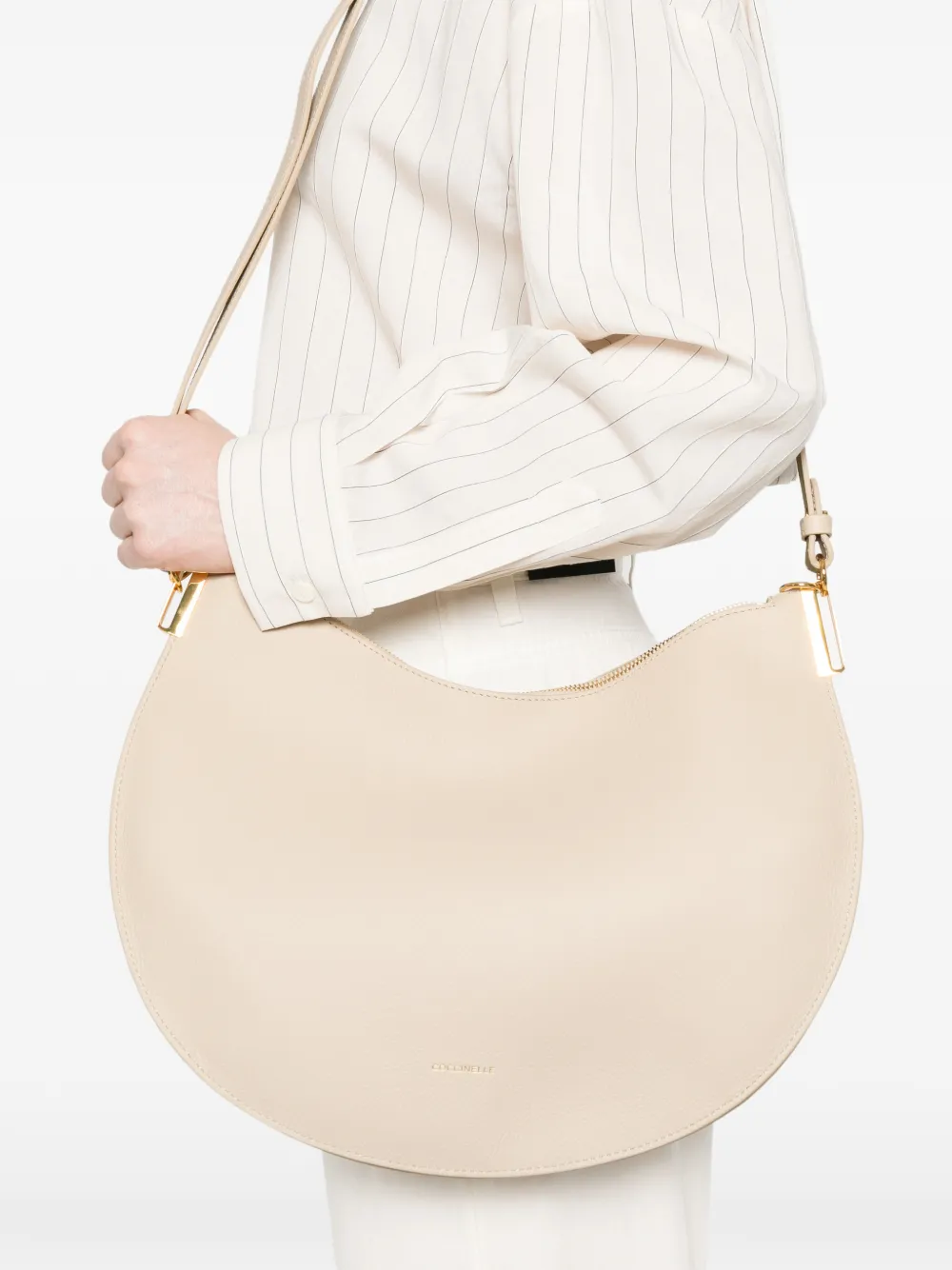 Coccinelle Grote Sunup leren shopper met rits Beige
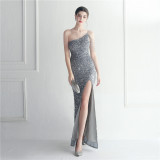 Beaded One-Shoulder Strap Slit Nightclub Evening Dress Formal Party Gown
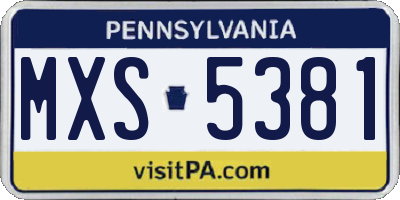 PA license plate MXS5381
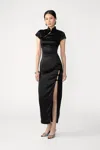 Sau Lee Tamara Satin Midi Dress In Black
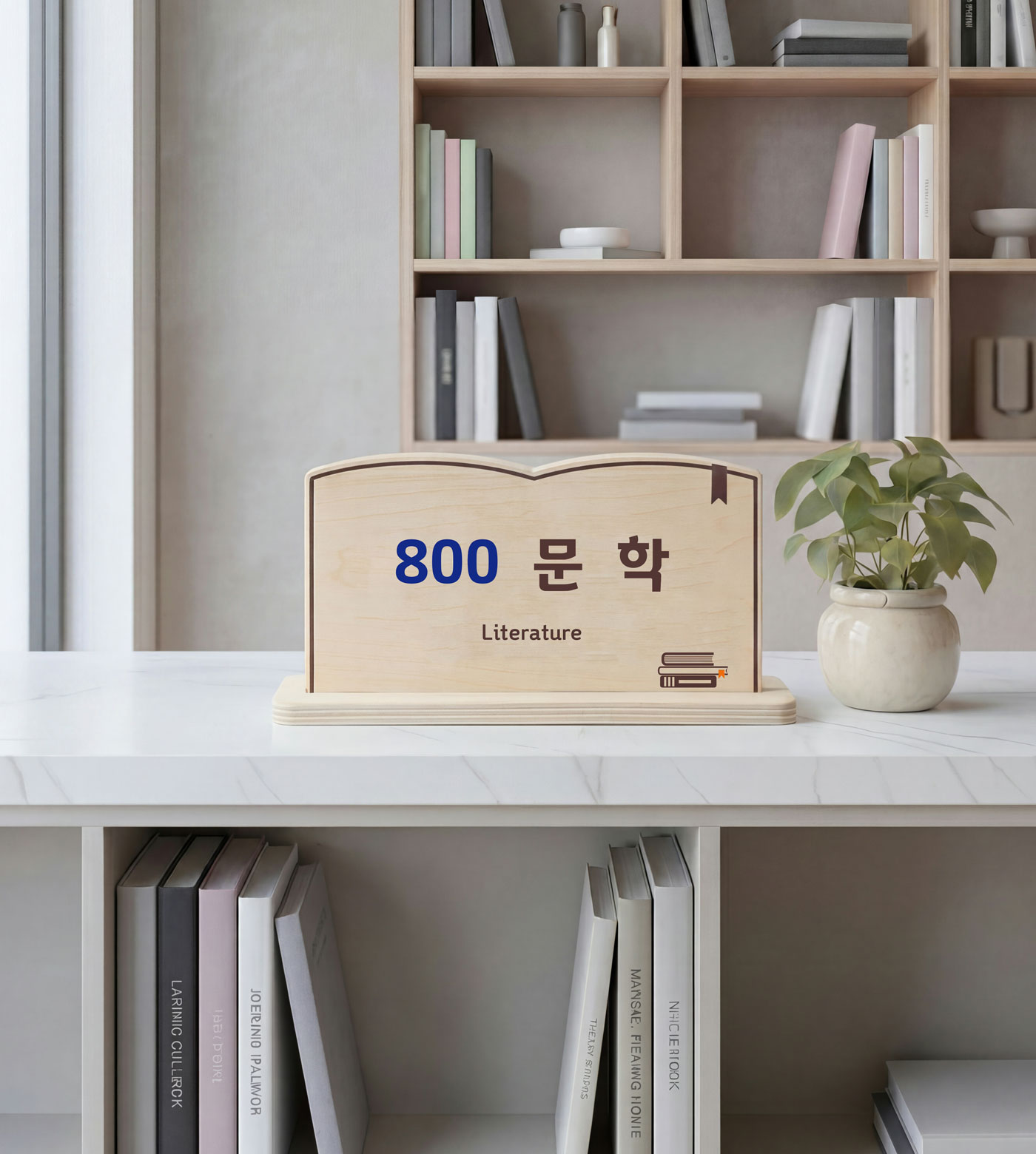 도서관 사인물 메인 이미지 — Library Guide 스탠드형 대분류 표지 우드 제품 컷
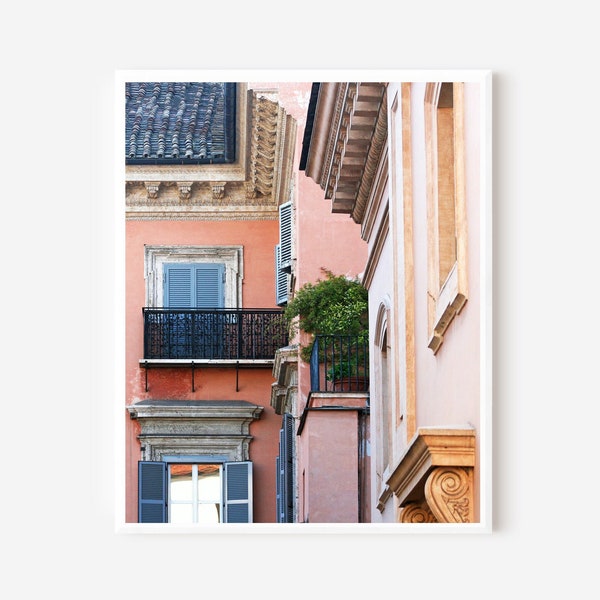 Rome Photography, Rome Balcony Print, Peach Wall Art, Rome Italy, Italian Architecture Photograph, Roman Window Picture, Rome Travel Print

====

[Work order] In the records above, find the line containing "Sau Lee Tamara Satin Midi Dress In Black", then write out exactly that line and every later one through the last, omitting pictures.

[Exercise output]
 Sau Lee Tamara Satin Midi Dress In Black
 도서관 사인물 메인 이미지 — Library Guide 스탠드형 대분류 표지 우드 제품 컷
 Rome Photography, Rome Balcony Print, Peach Wall Art, Rome Italy, Italian Architecture Photograph, Roman Window Picture, Rome Travel Print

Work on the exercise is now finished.